危機的状況のなか「次の一手」を探す経営者
改善の見通しが立たない少子化、「失われた30年」ともいわれる長期の景気低迷、そして今回のコロナ禍…。ようやく世界経済が上向いてきた矢先、再びの足止めを余儀なくされたいま、どの企業も懸命に生き残りの方策を探っています。
まさにコロナ禍で実感したとおり、ビジネスは想定外の変化に見舞われることが多々あります。景気動向はもちろん、不可抗力の自然災害や、人々の思考や価値観の変化によっても、マーケットが急速に開けたり、瞬時に消失したりすることは、容易に起こりえるのです。

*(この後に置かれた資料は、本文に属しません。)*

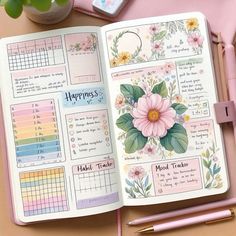 an open planner book with flowers on it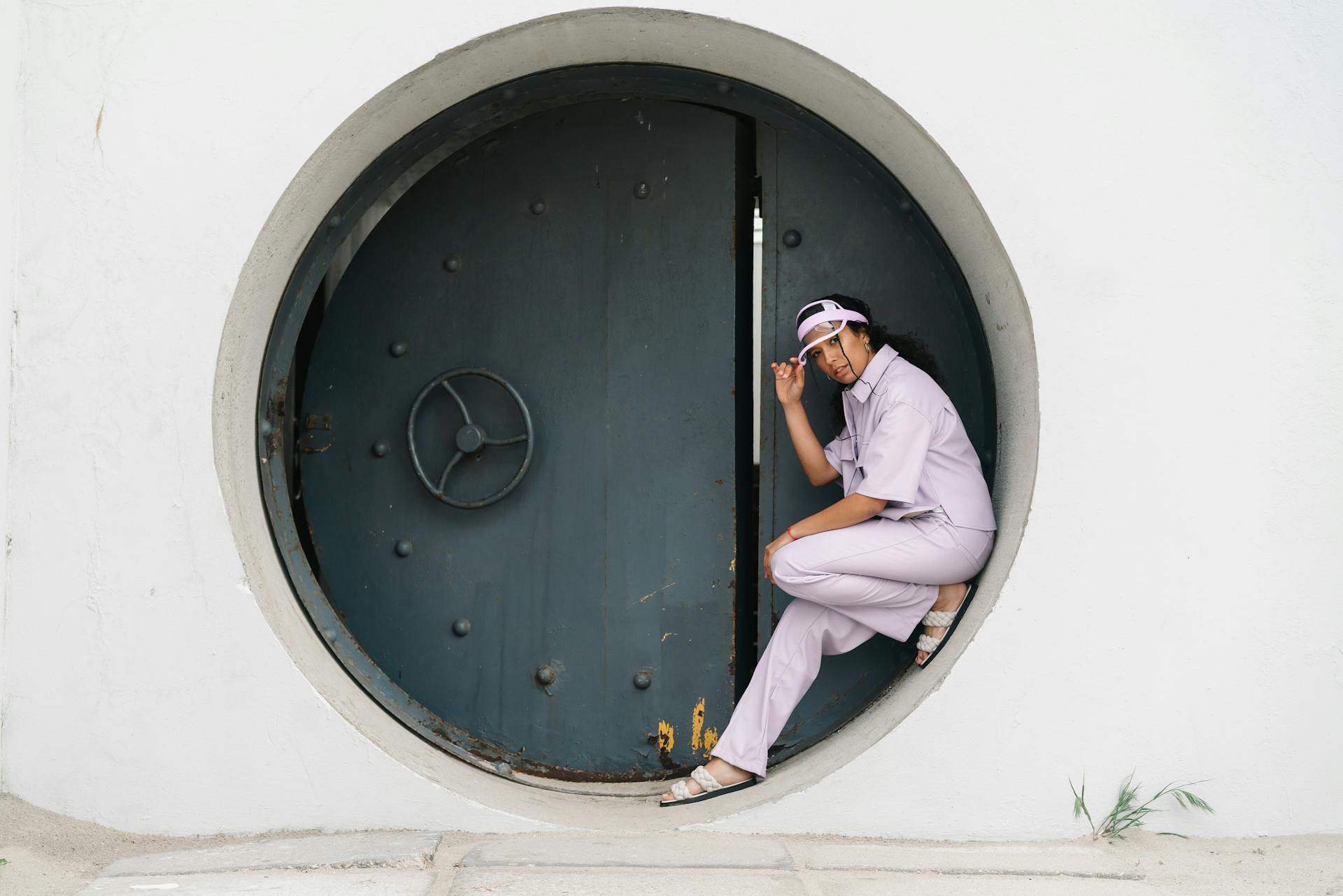 Stylish woman in pastel outfit poses confidently by a circular industrial vault door, adding a modern twist to an urban setting.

しかし、景気や時代のトレンドに大きな影響を受けにくい領域も実在します。その一例が「教育ビジネス」です。
少子化においても「教育費」が低減しない理由
ご存じのように、日本では少子高齢化が進展しています。しかし、それに連動して教育費が減少しているかというと、決してそうではありません。
その理由として、共働き世帯の増加による世帯収入の増加、通塾の早期化などにより、ひとりの子どもにかける教育費が増大していることがあげられます。
また、文科省が推進する教育のICT(Information and Communication Technology)化、グローバル人材育成等に関する報道からもわかるように、子どもたちが学習・習得を期待される内容は年々増加し、かつ高度になっており、親世代もそれを認識しています。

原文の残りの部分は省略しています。